And thus was born Tori Amos, Superstar. The title was fitting, since her next album, "Under the Pink," went on to sell another two million copies: yet, "superstar" still rang odd for an artist selling nothing more than her voice accompanied by a Bosendorfer piano.

Born in North Carolina and the daughter of a Methodist preacher, Amos was playing the piano before she'd turned 3. At age 5, she was sent to study at Baltimore's Peabody Conservatory, but was expelled six years later. "The whole idea was for me to be a concert pianist," she's told interviewers, "but I found that I was more interested in free expression. I didn't want to do what was expected of me." Eventually, Amos went on to spend several years playing Gershwin in gay bars in Washington, D.C., and Baltimore before going on to form her own band.

After leaving Y Kant Tori Read, she returned to the piano and began composing songs.
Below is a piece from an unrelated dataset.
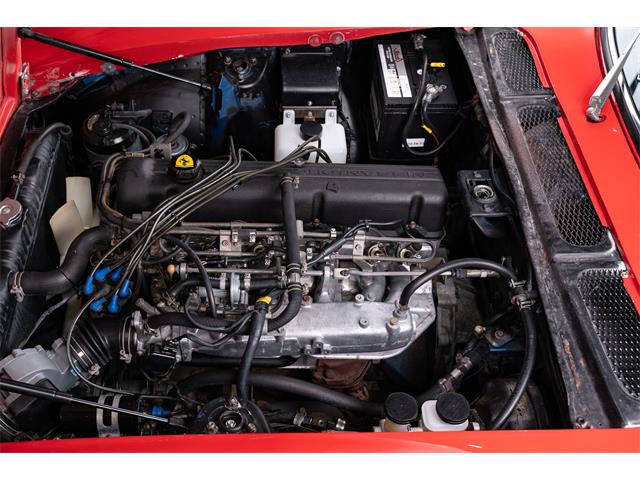 1962 Ferrari 250 (CC-2072821) for sale in St. Louis, Missouri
With "Pink," came several changes -- Rosse had taken on a larger role, producing the entire album and Amos' audience had grown to international proportions.
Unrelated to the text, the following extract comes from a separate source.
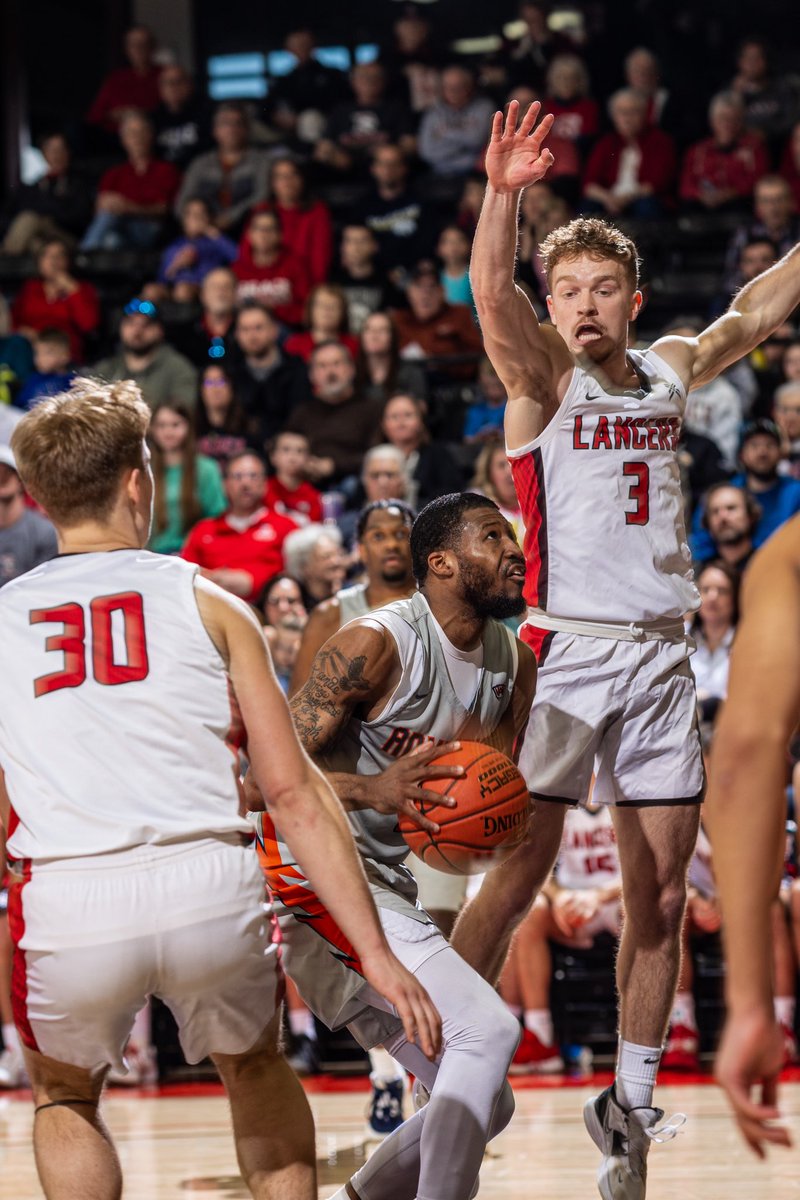 WAU Athletics tweet media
Her this album ushers in still more change. Amos produced the upcoming "Boys for Pele" by herself, and, she says, the album arises out of a need to understand her relationships with men. What happened to Eric Rosse? That's another pile of ashes from which Amos has emerged.

When Amos picked up the phone from New York to discuss the new album with Frontiers, she had already endured a marathon day -- within a marathon week -- of media interviews. When asked how she was holding up, she could barely grumble.

Your voice must be tired.

No, it's my brain, not my voice.

Well, we'll try not to use your brain.

OK.

Frontiers is a gay and lesbian newsmagazine, so I'm probably going to ask you some gay-and lesbian-related questions.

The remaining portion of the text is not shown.